At work, as in other parts of our life, we are creatures of habit. From the way we conduct meetings, check emails and engage with others, we have a series of routine behaviours that have a huge effect on our daily performance. However, most of us just accept the habits without questioning them. And even if we do realise that a habit is delivering less than satisfactory results, we don’t change. Why is that? There are four main reasons for this:

  1. We tell ourselves we just don’t have time to change
  2. We rationalise it as being ‘not that bad’, certainly not bad enough to warrant the effort required to change
  3. We put it in the too hard basket
  4. We don’t believe we can change

By not properly evaluating our habits or taking the necessary steps to change the ones that aren’t working, we compromise our true potential. For leaders, it gets worse. Often the habits that impact their potential encourage similar habits in others.

The greatest power we possess is the power to choose. We can choose to install a better habit that requires discipline and perseverance. The alternative often results in later regret when we pay the price for not doing what we could or should have done.

So what are some of the key habits leaders might consider changing?

  • Poor delegation – this leads to an ineffective use of the leader’s time plus can inhibit development of others who feel disempowered to make decisions
  • Managing by time – this encourages a ‘working longer hours’ culture instead of a ‘results-based’ culture where team members own the outcome
  • Using outdated technology – trying to be effective using inefficient technology is a big time waster. There is often a smarter way to do things, and it is a leader’s job, with help from their team, to find and implement it
  • Listening to respond, rather than to understand – Know-it-all leaders struggle to harness the power of the collective mind. This leads to a lack of engagement and often suboptimal choices.

Of course, there are many more examples than the ones listed above. The challenge we often face is that we see the issues in others easier than we can see them in ourselves. If you don’t recognise something is an issue, it is pretty hard to do anything about it.
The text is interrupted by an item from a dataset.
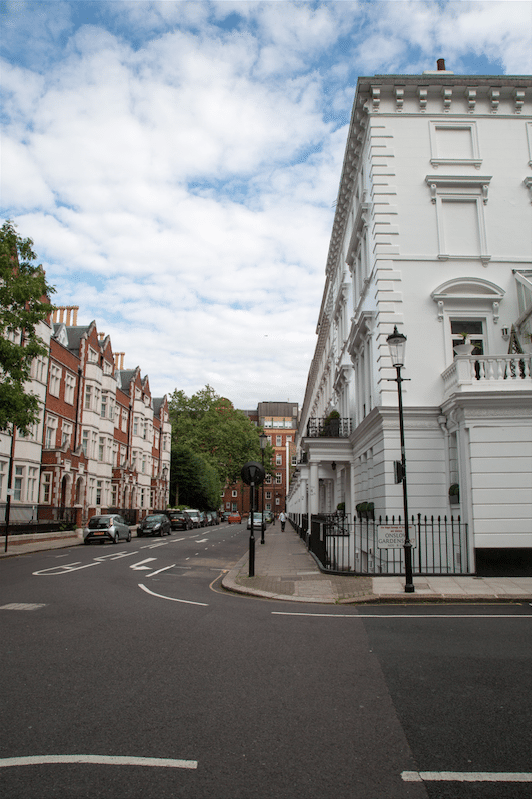 A London Walk from South Kensington to World's End by Stephanie Sadler, Little Observationist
Each leader should frequently focus on two key frames of reference: ‘me and the best version of me’. There is always a gap between the two, and the only way to bridge the gap is to be aware and take action. This requires a disciplined approach if you are looking to install better habits.
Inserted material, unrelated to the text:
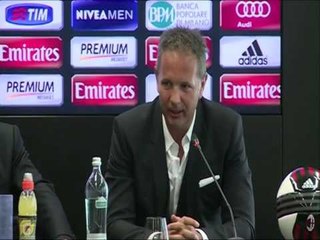 SILVIO BERLUSKONI PREZANTON SINISHA MIHAJLOVIÇ SI TRAJNER I RI I MILANIT LAJM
Ask: How am I better leader now than I was a month ago? And what specifically will I do this month to improve further?

This, of course, extends to other parts of life as well including family, friends, health and wellbeing. Too often we get caught up in the busyness of life without stopping to reflect, reset and then take positive steps to improve. The most successful people I know take time out regularly to reflect while taking appropriate action to get a bit better in important work and life areas.

“You are what you repeatedly do. Excellence is not an act, but a habit.” – Michael Altshuler

There is a plenty of conflicting research on how long it takes to change a habit. Twenty-one days is the most popular timeframe, building on the 1950s work from Dr Maxwell Maltz, author of Psycho-Cybernetics. He actually said it was a “minimum” of 21 days, while more recent research by health psychologist Phillippa Lally and colleagues at University College London, suggests habit formation takes, on average, 66 days. From my experience, the time frame varies for each person and for each habit, based on a number of key factors (for example, habit entrenchment). Regardless of timing, the sooner you begin to take positive action, the better.

Which habit will you commit to changing this month?